AST Rewriting: The Python source is parsed and rewritten to emit MLIR ops.
MLIR Module Construction: Kernel body is traced into fly, gpu, arith, scf, memref, and vector dialect ops.
Fly Pass Pipeline: The module is lowered through three pass stages, defined in RocmBackend._pipeline_parts() (python/flydsl/compiler/backends/rocm.py). See Architecture & Compilation Pipeline Guide §3 for the per-pass table.
1. pre_binary_fragments (Fly → ROCDL):
  - fly-rewrite-func-signature
  - fly-canonicalize
  - fly-layout-lowering
  - fly-int-swizzle-simplify
  - canonicalize
  - fly-convert-atom-call-to-ssa-form
  - fly-promote-regmem-to-vectorssa
  - convert-fly-to-rocdl
  - canonicalize
  - gpu.module(convert-scf-to-cf, cse, convert-gpu-to-rocdl{chipset=gfxNNN ...}, fly-rocdl-cluster-attr)
2. binary_prep_fragments (→ LLVM):
  - rocdl-attach-target{chip=gfxNNN ...}
  - convert-scf-to-cf
  - convert-cf-to-llvm
  - gpu-to-llvm{use-bare-pointers-...=true}
  - convert-vector-to-llvm
  - convert-arith-to-llvm
  - convert-func-to-llvm
  - reconcile-unrealized-casts
  - ensure-debug-info-scope-on-llvm-func (optional, gated by FLYDSL_DEBUG_ENABLE_DEBUG_INFO)
3. binary_fragment:
  - gpu-module-to-binary{format=fatbin opts="..."}
Cached Artifact: The compiled binary is cached to disk (~/.flydsl/cache/) keyed by the compiler toolchain hash and kernel type signature.

Tensor Arguments

Use flyc.from_dlpack to convert PyTorch tensors into FlyDSL tensor descriptors with layout metadata:

import flydsl.compiler as flyc

tA = flyc.from_dlpack(torch_tensor).mark_layout_dynamic(
    leading_dim=0, divisibility=4
)
launch(tA, B, n, stream=torch.cuda.Stream())

Buffer Operations

The flydsl.expr.buffer_ops module provides high-level Python wrappers for AMD CDNA3/CDNA4 buffer load/store operations.
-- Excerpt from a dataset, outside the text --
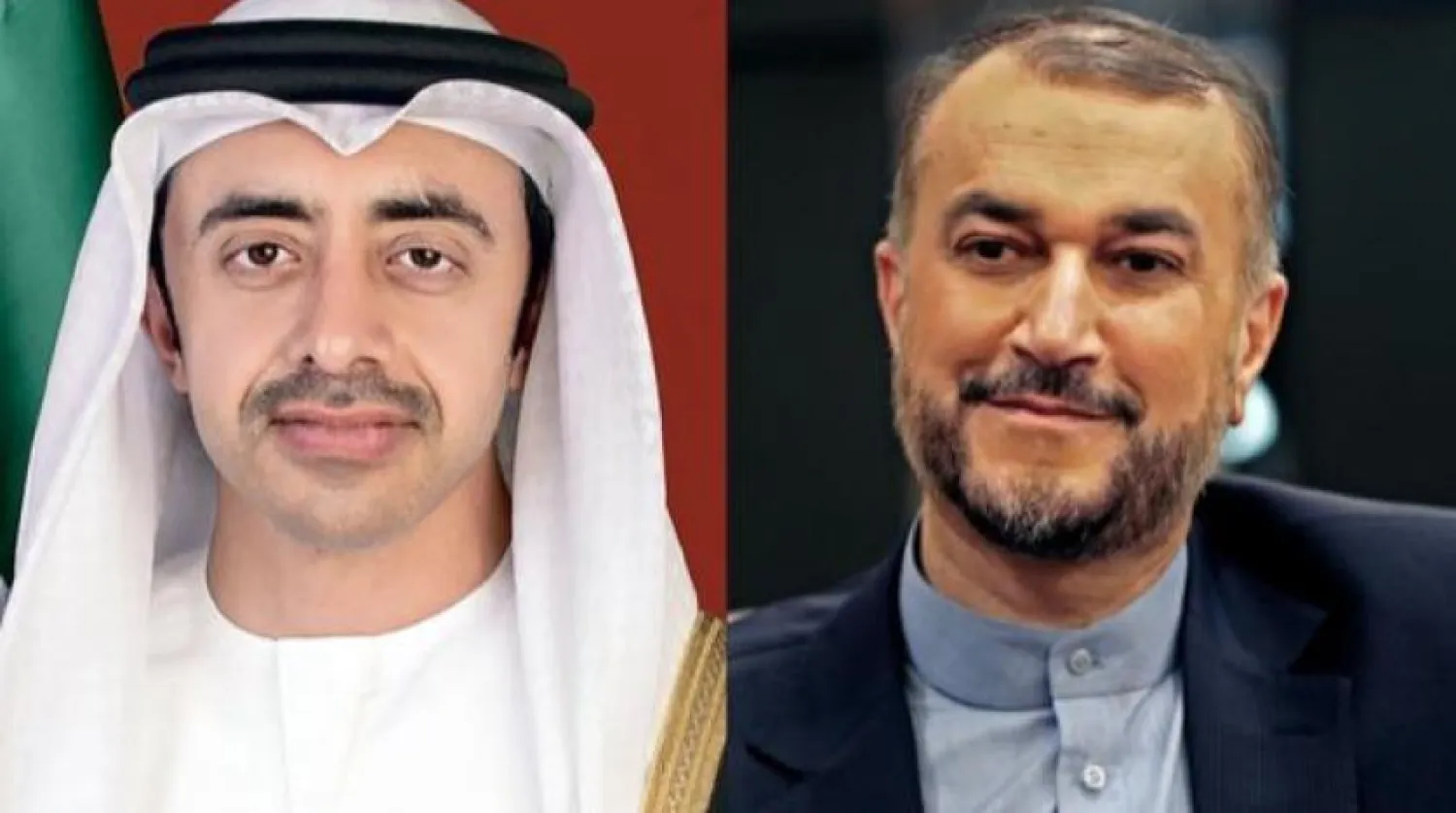 İran Dışişleri Bakanı Hüseyin Emir Abdullahiyan (AFP) Birleşik Arap Emirlikleri (BAE) Dışişleri Bakanı Abdullah bin Zayid Al Nahyan (WAM)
Buffer operations use a scalar base pointer (SGPRs) and per-thread offsets for efficient global memory access with hardware bounds checking.

ROCDL Operations

The flydsl.expr.rocdl module provides AMD-specific operations:

fx.rocdl.make_buffer_tensor – create buffer resource descriptor from tensor (CDNA buffer copy)
fx.rocdl.BufferCopy32b / BufferCopy128b – buffer copy atoms
fx.rocdl.MFMA – MFMA instruction atoms (CDNA3/CDNA4; e.g., MFMA(16, 16, 4, fx.Float32))
fx.rocdl.WMMA / fx.rocdl.WMMAScale – gfx1250 (wave32) WMMA and E8M0 MX-scaled WMMA MMA atoms
fx.rocdl.make_tdm_atom / fx.rocdl.TDM / fx.rocdl.advance_tdm_atom – gfx1250 TDM async Global↔LDS whole-tile copy atom (1–5D; descriptor as atom state)

fly-opt CLI

The fly-opt tool is a command-line interface for running MLIR passes on .mlir files:

fly-opt --fly-canonicalize input.mlir
fly-opt --fly-layout-lowering input.mlir
fly-opt --help